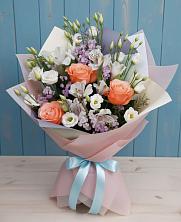 Букет цветов из:  Лизиантусы, Розы, Альстромерии и Гипсофила в Советский Ленинградской области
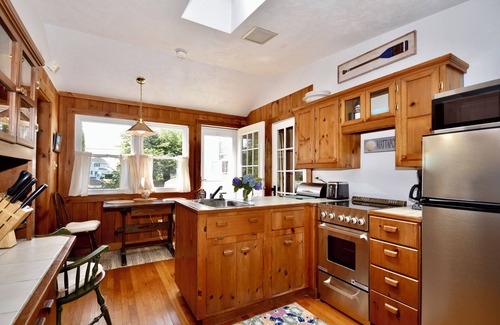 Mattapoisett Apartment | 1 bedroom apartment overlooking Inner Harbor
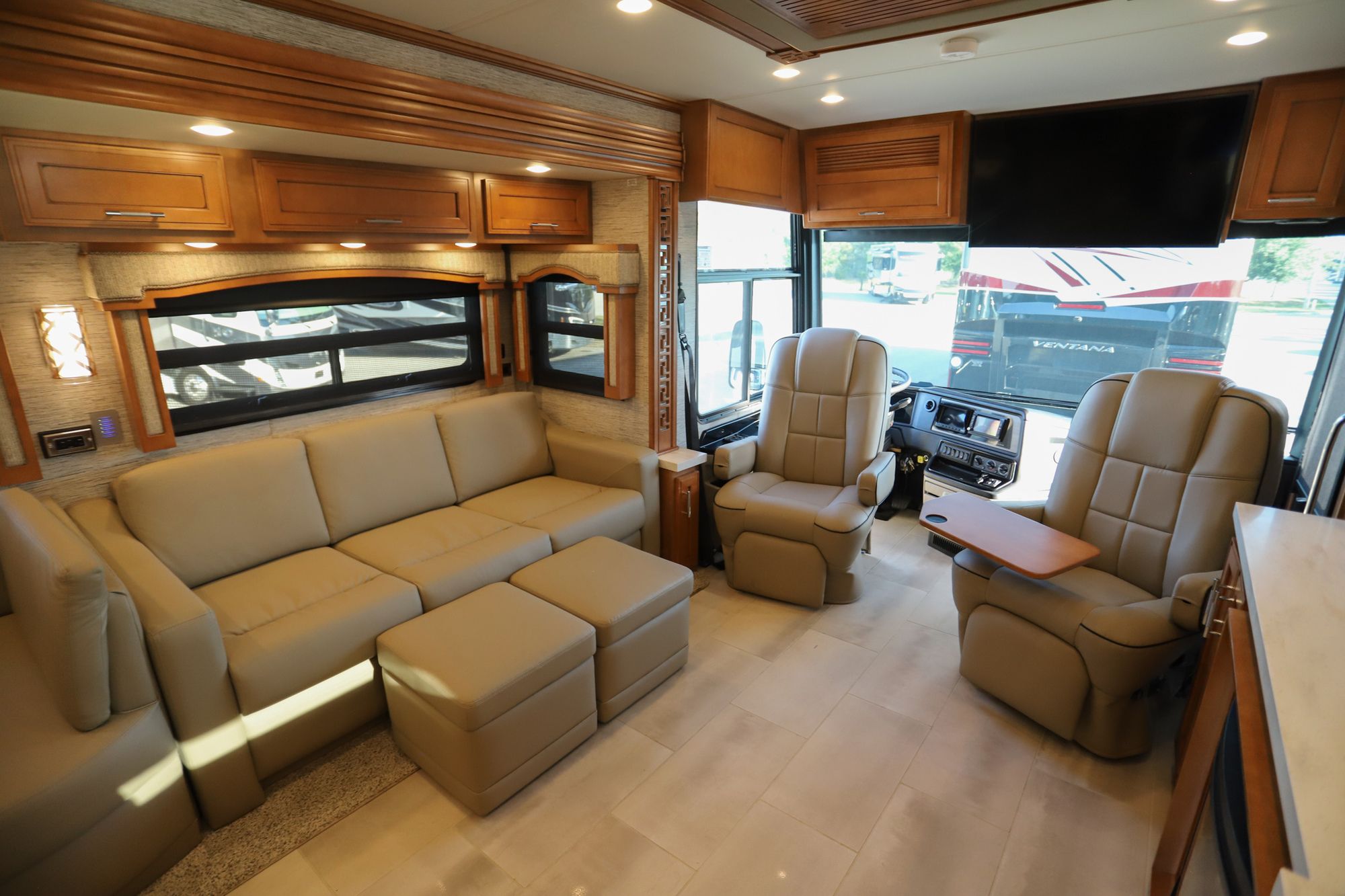 Used 2021 Newmar Ventana 3709 Class A  For Sale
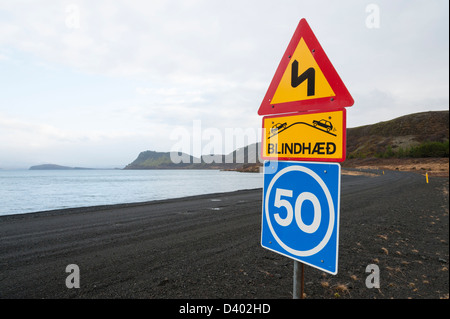 Verkehrszeichen auf eine Schotterstraße in Island mit blind Summit und 50 km/h Geschwindigkeit Beschränkung Zeichen auf der See Thingvallavatn Stockfoto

----

Task prompt:
Would you give again exactly the lines from the line containing "Mattapoisett Apartment |" through the end of the listing, both ends included, without any pictures?

Response to the exercise:
 Mattapoisett Apartment | 1 bedroom apartment overlooking Inner Harbor
 Used 2021 Newmar Ventana 3709 Class A  For Sale
 Verkehrszeichen auf eine Schotterstraße in Island mit blind Summit und 50 km/h Geschwindigkeit Beschränkung Zeichen auf der See Thingvallavatn Stockfoto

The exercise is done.